● Material for this task:
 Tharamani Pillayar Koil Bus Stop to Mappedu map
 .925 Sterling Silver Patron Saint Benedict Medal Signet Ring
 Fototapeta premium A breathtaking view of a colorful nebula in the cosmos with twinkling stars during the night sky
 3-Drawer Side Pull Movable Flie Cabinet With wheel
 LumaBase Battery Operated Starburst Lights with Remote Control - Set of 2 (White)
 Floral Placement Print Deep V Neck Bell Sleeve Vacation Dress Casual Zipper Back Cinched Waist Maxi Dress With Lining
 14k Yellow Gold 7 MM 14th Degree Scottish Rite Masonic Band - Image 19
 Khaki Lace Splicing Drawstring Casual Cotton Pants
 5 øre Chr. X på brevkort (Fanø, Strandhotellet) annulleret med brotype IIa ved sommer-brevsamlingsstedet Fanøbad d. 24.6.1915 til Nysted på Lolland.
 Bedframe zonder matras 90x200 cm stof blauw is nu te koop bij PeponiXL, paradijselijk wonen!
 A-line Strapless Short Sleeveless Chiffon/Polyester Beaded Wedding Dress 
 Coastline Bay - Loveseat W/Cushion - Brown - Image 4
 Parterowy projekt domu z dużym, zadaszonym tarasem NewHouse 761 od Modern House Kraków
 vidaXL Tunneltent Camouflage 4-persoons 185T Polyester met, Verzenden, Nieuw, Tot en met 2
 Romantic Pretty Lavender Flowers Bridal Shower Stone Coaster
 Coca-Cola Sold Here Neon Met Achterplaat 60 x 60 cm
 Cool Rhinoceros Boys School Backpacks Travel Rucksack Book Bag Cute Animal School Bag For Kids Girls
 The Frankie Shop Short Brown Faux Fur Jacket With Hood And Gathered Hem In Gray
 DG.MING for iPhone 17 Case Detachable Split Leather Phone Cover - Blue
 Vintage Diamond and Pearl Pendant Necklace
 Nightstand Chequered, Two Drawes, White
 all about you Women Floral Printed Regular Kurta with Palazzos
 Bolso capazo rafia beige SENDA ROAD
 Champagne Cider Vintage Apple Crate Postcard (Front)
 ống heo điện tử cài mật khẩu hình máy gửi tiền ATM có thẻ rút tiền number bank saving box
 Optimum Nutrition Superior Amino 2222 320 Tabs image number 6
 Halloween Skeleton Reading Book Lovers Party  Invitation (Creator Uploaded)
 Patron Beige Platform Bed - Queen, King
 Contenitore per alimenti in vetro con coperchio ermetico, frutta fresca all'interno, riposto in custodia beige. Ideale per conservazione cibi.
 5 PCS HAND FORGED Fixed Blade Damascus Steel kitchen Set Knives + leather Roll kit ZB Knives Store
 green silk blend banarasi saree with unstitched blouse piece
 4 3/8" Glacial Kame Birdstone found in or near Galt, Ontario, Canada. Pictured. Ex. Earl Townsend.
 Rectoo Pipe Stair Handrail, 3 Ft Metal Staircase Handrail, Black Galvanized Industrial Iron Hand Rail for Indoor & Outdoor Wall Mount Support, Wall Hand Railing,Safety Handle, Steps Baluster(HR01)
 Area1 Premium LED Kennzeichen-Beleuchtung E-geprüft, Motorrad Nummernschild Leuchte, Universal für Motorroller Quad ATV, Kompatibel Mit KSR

● Directions for this task: The data above needs retyping. Reproduce each line exactly.

● Exercise response:
 Tharamani Pillayar Koil Bus Stop to Mappedu map
 .925 Sterling Silver Patron Saint Benedict Medal Signet Ring
 Fototapeta premium A breathtaking view of a colorful nebula in the cosmos with twinkling stars during the night sky
 3-Drawer Side Pull Movable Flie Cabinet With wheel
 LumaBase Battery Operated Starburst Lights with Remote Control - Set of 2 (White)
 Floral Placement Print Deep V Neck Bell Sleeve Vacation Dress Casual Zipper Back Cinched Waist Maxi Dress With Lining
 14k Yellow Gold 7 MM 14th Degree Scottish Rite Masonic Band - Image 19
 Khaki Lace Splicing Drawstring Casual Cotton Pants
 5 øre Chr. X på brevkort (Fanø, Strandhotellet) annulleret med brotype IIa ved sommer-brevsamlingsstedet Fanøbad d. 24.6.1915 til Nysted på Lolland.
 Bedframe zonder matras 90x200 cm stof blauw is nu te koop bij PeponiXL, paradijselijk wonen!
 A-line Strapless Short Sleeveless Chiffon/Polyester Beaded Wedding Dress 
 Coastline Bay - Loveseat W/Cushion - Brown - Image 4
 Parterowy projekt domu z dużym, zadaszonym tarasem NewHouse 761 od Modern House Kraków
 vidaXL Tunneltent Camouflage 4-persoons 185T Polyester met, Verzenden, Nieuw, Tot en met 2
 Romantic Pretty Lavender Flowers Bridal Shower Stone Coaster
 Coca-Cola Sold Here Neon Met Achterplaat 60 x 60 cm
 Cool Rhinoceros Boys School Backpacks Travel Rucksack Book Bag Cute Animal School Bag For Kids Girls
 The Frankie Shop Short Brown Faux Fur Jacket With Hood And Gathered Hem In Gray
 DG.MING for iPhone 17 Case Detachable Split Leather Phone Cover - Blue
 Vintage Diamond and Pearl Pendant Necklace
 Nightstand Chequered, Two Drawes, White
 all about you Women Floral Printed Regular Kurta with Palazzos
 Bolso capazo rafia beige SENDA ROAD
 Champagne Cider Vintage Apple Crate Postcard (Front)
 ống heo điện tử cài mật khẩu hình máy gửi tiền ATM có thẻ rút tiền number bank saving box
 Optimum Nutrition Superior Amino 2222 320 Tabs image number 6
 Halloween Skeleton Reading Book Lovers Party  Invitation (Creator Uploaded)
 Patron Beige Platform Bed - Queen, King
 Contenitore per alimenti in vetro con coperchio ermetico, frutta fresca all'interno, riposto in custodia beige. Ideale per conservazione cibi.
 5 PCS HAND FORGED Fixed Blade Damascus Steel kitchen Set Knives + leather Roll kit ZB Knives Store
 green silk blend banarasi saree with unstitched blouse piece
 4 3/8" Glacial Kame Birdstone found in or near Galt, Ontario, Canada. Pictured. Ex. Earl Townsend.
 Rectoo Pipe Stair Handrail, 3 Ft Metal Staircase Handrail, Black Galvanized Industrial Iron Hand Rail for Indoor & Outdoor Wall Mount Support, Wall Hand Railing,Safety Handle, Steps Baluster(HR01)
 Area1 Premium LED Kennzeichen-Beleuchtung E-geprüft, Motorrad Nummernschild Leuchte, Universal für Motorroller Quad ATV, Kompatibel Mit KSR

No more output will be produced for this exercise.